NIEHS scientists contribute to advance in urinary bladder cancer research
By Robin Arnette
NIEHS scientists used their expertise to help identify potential therapeutic targets in more than 100 samples of urinary bladder cancer, as part of the Cancer Genome Atlas Research Network, a large international consortium dedicated to studying the causes of, and finding treatments for, cancer.
Dmitry Gordenin, Ph.D., senior associate scientist in the Laboratory of Molecular Genetics, led the NIEHS contingent, which included David Fargo, Ph.D., head of the Integrative Bioinformatics Group; Steven Roberts, Ph.D., Intramural Research Training Award (IRTA) fellow in the Chromosome Stability Group, and Les Klimczak, Ph.D., a contract researcher at NIEHS. They published their results in the March issue of Nature.
Using sophisticated tools developed at the Institute, they determined that 51 percent of the total mutations in urinary bladder cancers were caused by a class of proteins called apolipoprotein B mRNA-editing enzyme, catalytic polypeptide-like (APOBEC) cytidine deaminases. These proteins normally function in antiviral defense, but can accidentally attack human chromosomes and cause mutations.

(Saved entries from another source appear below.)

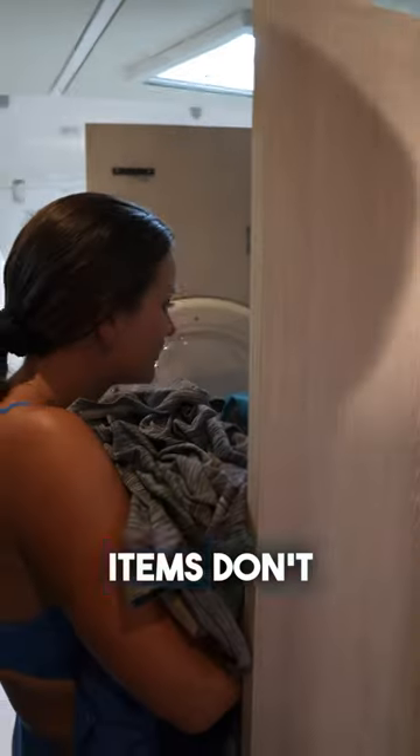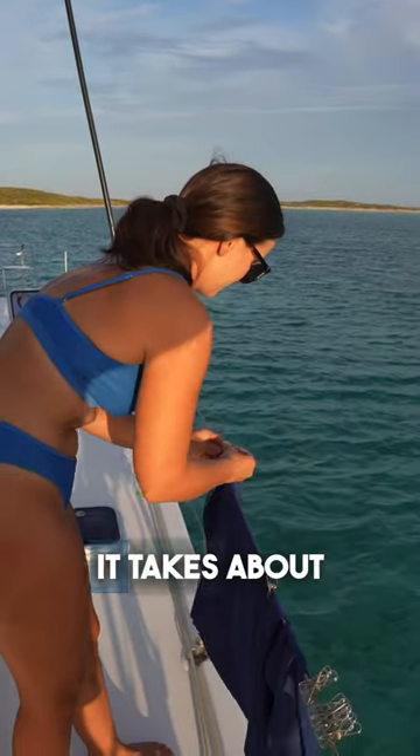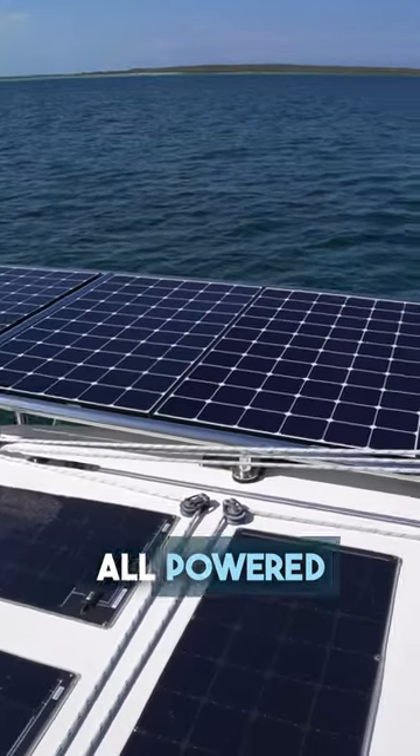Sometimes bulky items don't get all the way dry, so I let nature's dryer take over and hang them on the line outside. It takes about an hour to do a full load and the best part is, it's all powered by solar power.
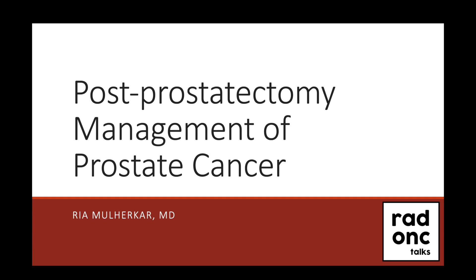Hi, and welcome to Radonc Talks, a lecture series designed for students and residents of radiation oncology. My name is Rhea. I am currently a PGY-5 resident at the University of Pittsburgh, and today we will be continuing in our prostate cancer series with a discussion on the management of prostate cancer in the post-operative setting, so post-prostatectomy.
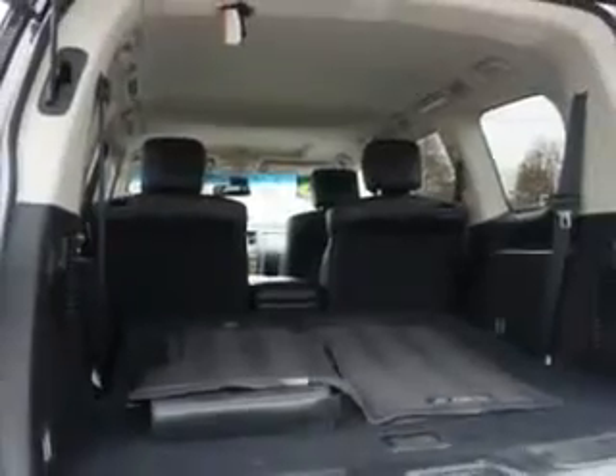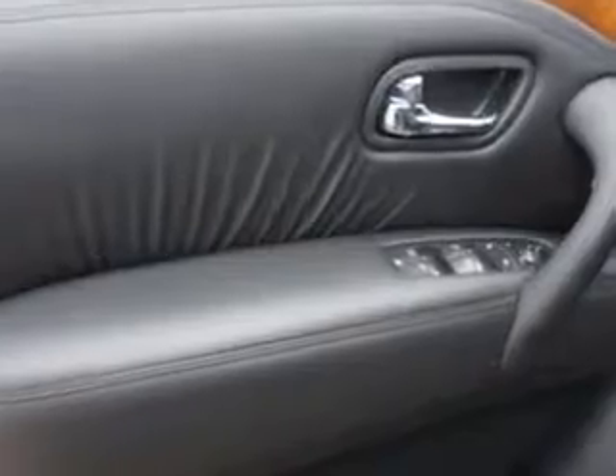Enjoy the drive, feel safe, and have peace of mind in this 2013 Infiniti QX56. See us at Edison Nissan today.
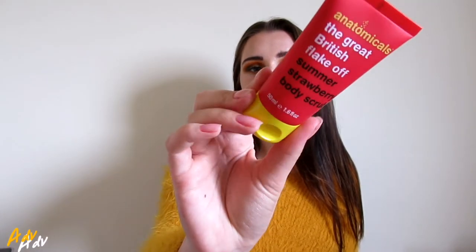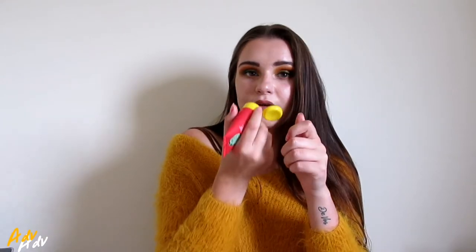Last but not least is a body scrub from Anatomicals — The Great British Flake Off — and it is a Summer Strawberry Scrub. It smells like a strawberry! I have like a proper strawberry scrub, and then I'm gonna smell like a fresh strawberry. That was this month's Birchbox. If you're from the UK or Ireland, subscribe to them. I think it's a great gift to yourself every month because you need to be spoiled, honey.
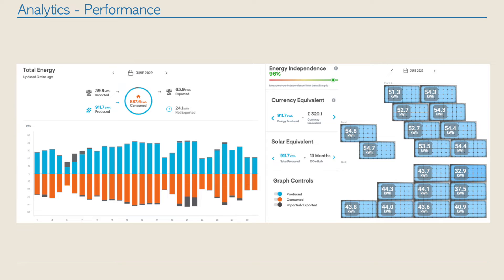Overall the house consumed 887.6 kilowatts, which includes us trying to use up the solar power. Looking at energy independence, we managed to get it up to 96 percent, meaning we only pulled 4 percent of our total power consumption from the grid. If we had been able to store the surplus 63 kilowatts exported at the right time, we could have reduced our import further and increased energy independence even more.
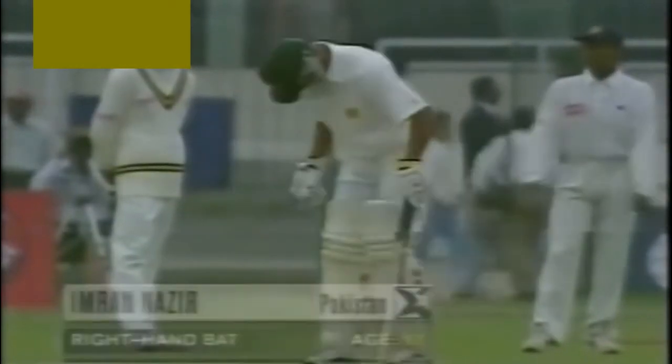Imran Nazir making his debut — he's 17 years old. Straight away, a little nervousness showing.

One member of this protein family, APOBEC3B, was expressed at high levels in nearly all of the tumor studies, making it the primary suspect for causing mutations. Knowing this, researchers may one day be able to design therapies that prevent the protein from mutating bladder cell DNA.
“We will continue our parallel research of using yeast mutation models and analysis of large cancer datasets to study the complex mix of mechanisms that cause cancer mutations,” Gordenin said. “We believe the end results may help develop cancer prevention and therapy strategies.”
Citation: The Cancer Genome Atlas Research Network. 2014. Comprehensive molecular characterization of urothelial bladder carcinoma. Nature 507(7492):315-322.